Member of the 9th Parliament for Akim Abuakwa South (Ghana parliament constituency)
- Incumbent
- Assumed office January 7, 2025
- Preceded by: Samuel Atta Akyea

Personal details
- Born: November 24, 1979 (age 46) Asiakwa Ghana
- Party: New Patriotic Party
- Education: University of Ghana Central University (Ghana) Brunel University of London
- Occupation: Politician, chartered insurer, lecturer, administrator

= Kingsley Agyemang =

Ghanaian politician

Kingsley Agyemang (born November 24, 1979) is a Ghanaian administrator, chartered Insurer, and member of the New Patriotic Party (NPP). He is the member of Parliament for Akim Abuakwa South (Ghana parliament constituency) in the Eastern Region. He represents the constituency in the Ninth Parliament of the Fourth Republic of Ghana as a member of the New Patriotic Party.
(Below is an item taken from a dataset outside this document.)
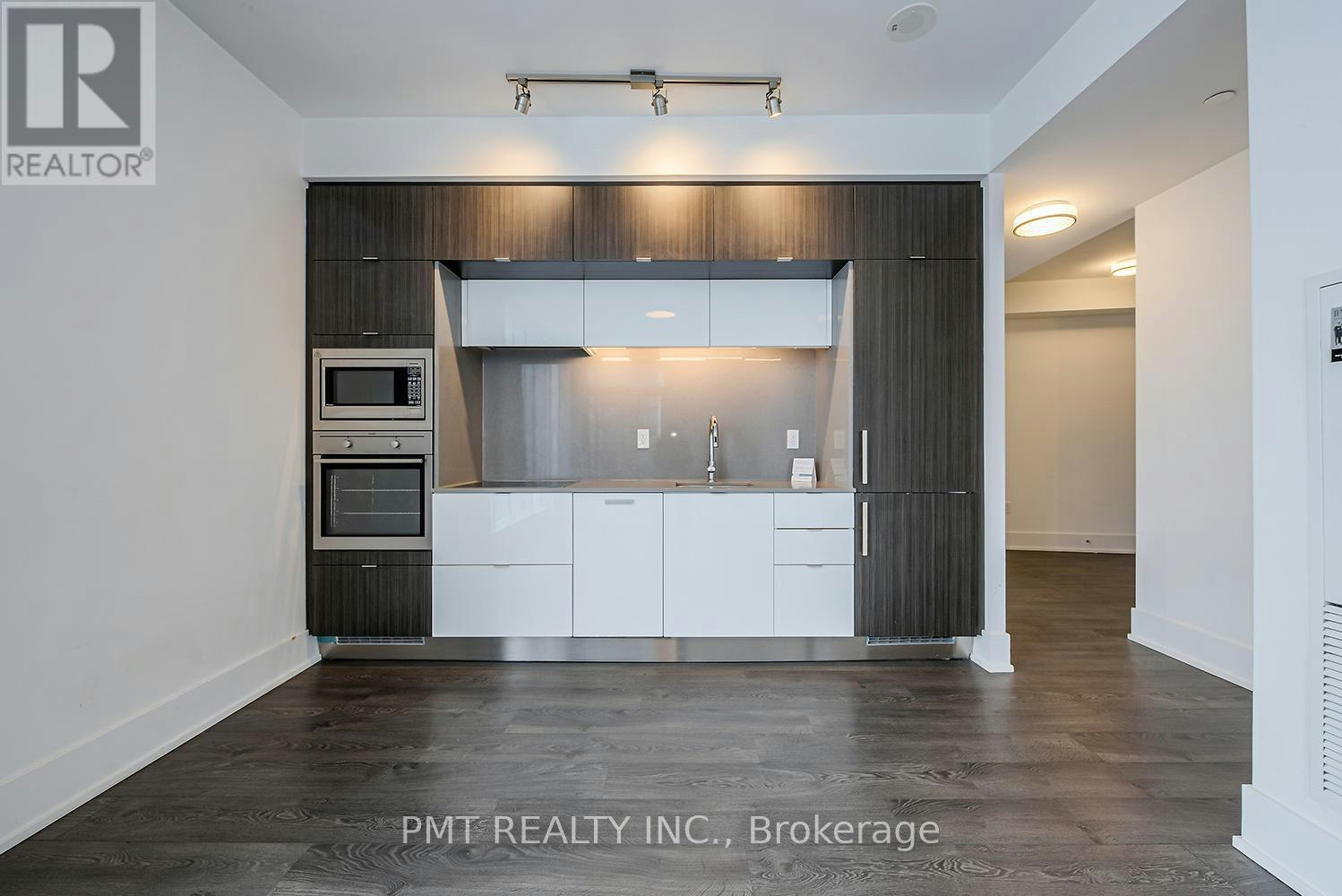 5403-10 York Street, Toronto, ON, M5J 0E1 - 4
He was appointed registrar of the Ghana Scholarship Secretariat under the second term of Nana Akufo-Addo.

== Early life and education ==
He was born in Asiakwa in the Eastern Region of Ghana. He attended the University of Ghana, Legon and graduated with a Bachelor of Science degree in Administration in 2004. He proceeded to the Central University (Ghana) and obtained an MBA in 2012 and later in 2022, he was awarded a PHD from Brunel University of London.

== Career ==
In the 2024 Ghanaian general election, he won the Akim Abuakwa South (Ghana parliament constituency) elections, polling 27,011 votes against his contender Nana Addo Sarong Aikins of the National Democratic Congress (Ghana) who polled 7,454 votes.

== Scholarship Secretariat ==
Kingsley Agyemang was the registrar of the Ghana Scholarship Secretariat under the second term of Nana Akuffo-Addo. He was later accused of scholarship during his tenure as the registrar and was invited by the Bureau of National Intelligence to assist investigation.